Exercise details:
Take the lines below beginning at the line that has "Shining Fates SV042 Toxtricity Holo PSA 10" and stopping after the line that has "Funny lobster graphic", and print them exactly as they are, with no other lines.

Data provided:
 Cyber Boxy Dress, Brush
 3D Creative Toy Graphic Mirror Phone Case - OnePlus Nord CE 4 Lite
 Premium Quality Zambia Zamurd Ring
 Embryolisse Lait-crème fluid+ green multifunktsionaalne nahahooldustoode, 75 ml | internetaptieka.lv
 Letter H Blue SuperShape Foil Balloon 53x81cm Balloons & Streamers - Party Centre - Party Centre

---

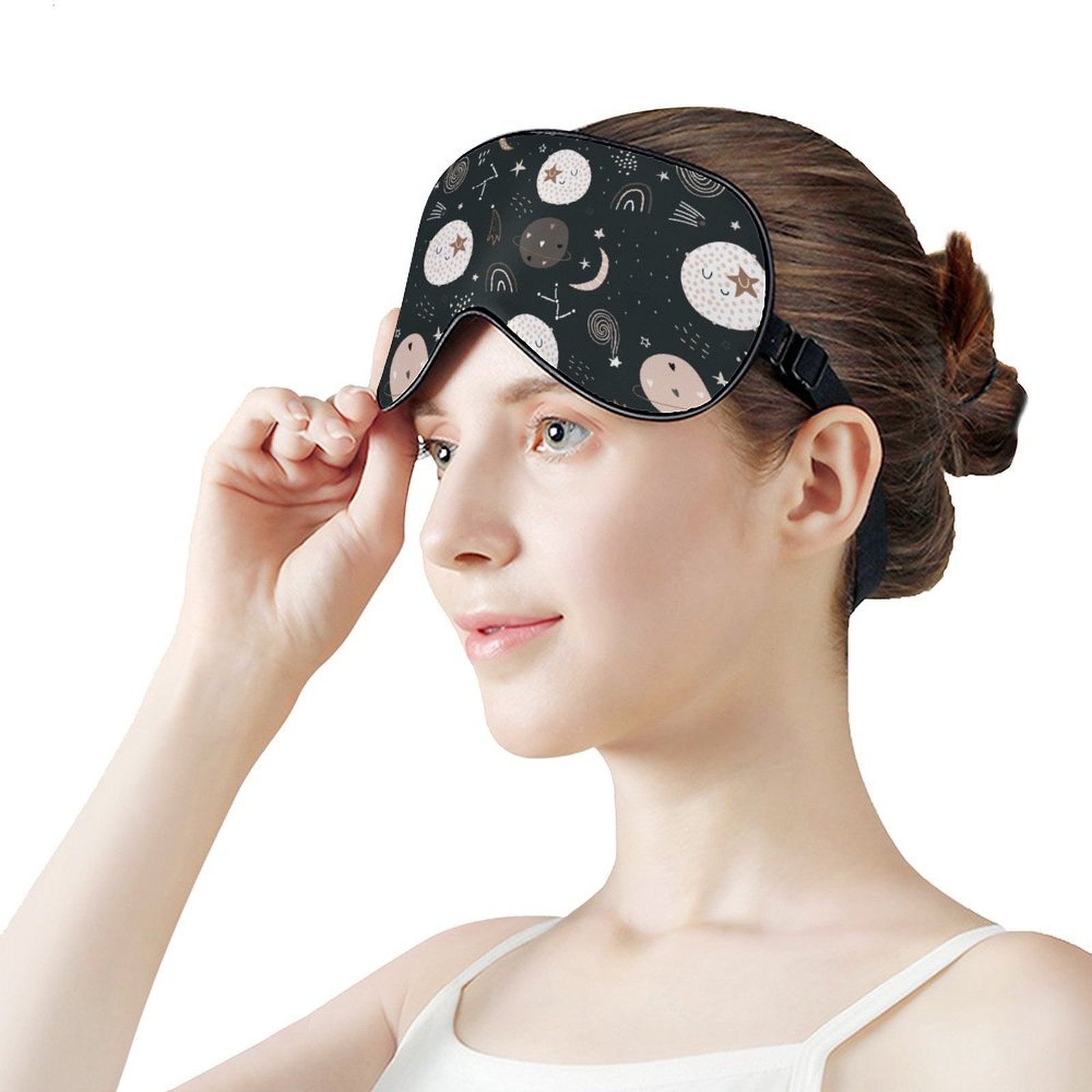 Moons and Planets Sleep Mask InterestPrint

==

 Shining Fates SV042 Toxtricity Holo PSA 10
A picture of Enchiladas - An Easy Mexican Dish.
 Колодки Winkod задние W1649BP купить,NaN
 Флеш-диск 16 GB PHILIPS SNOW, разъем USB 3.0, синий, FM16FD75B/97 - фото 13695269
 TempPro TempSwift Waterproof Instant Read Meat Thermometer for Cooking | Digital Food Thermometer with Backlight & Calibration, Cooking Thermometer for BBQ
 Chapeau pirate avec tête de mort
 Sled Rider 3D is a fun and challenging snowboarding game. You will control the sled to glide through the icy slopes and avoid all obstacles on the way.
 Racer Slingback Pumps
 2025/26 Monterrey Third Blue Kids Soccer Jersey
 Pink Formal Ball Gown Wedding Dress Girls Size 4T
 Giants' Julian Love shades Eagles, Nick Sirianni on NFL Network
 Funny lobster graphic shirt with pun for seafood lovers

Completed task:
 Shining Fates SV042 Toxtricity Holo PSA 10
A picture of Enchiladas - An Easy Mexican Dish.
 Колодки Winkod задние W1649BP купить,NaN
 Флеш-диск 16 GB PHILIPS SNOW, разъем USB 3.0, синий, FM16FD75B/97 - фото 13695269
 TempPro TempSwift Waterproof Instant Read Meat Thermometer for Cooking | Digital Food Thermometer with Backlight & Calibration, Cooking Thermometer for BBQ
 Chapeau pirate avec tête de mort
 Sled Rider 3D is a fun and challenging snowboarding game. You will control the sled to glide through the icy slopes and avoid all obstacles on the way.
 Racer Slingback Pumps
 2025/26 Monterrey Third Blue Kids Soccer Jersey
 Pink Formal Ball Gown Wedding Dress Girls Size 4T
 Giants' Julian Love shades Eagles, Nick Sirianni on NFL Network
 Funny lobster graphic shirt with pun for seafood lovers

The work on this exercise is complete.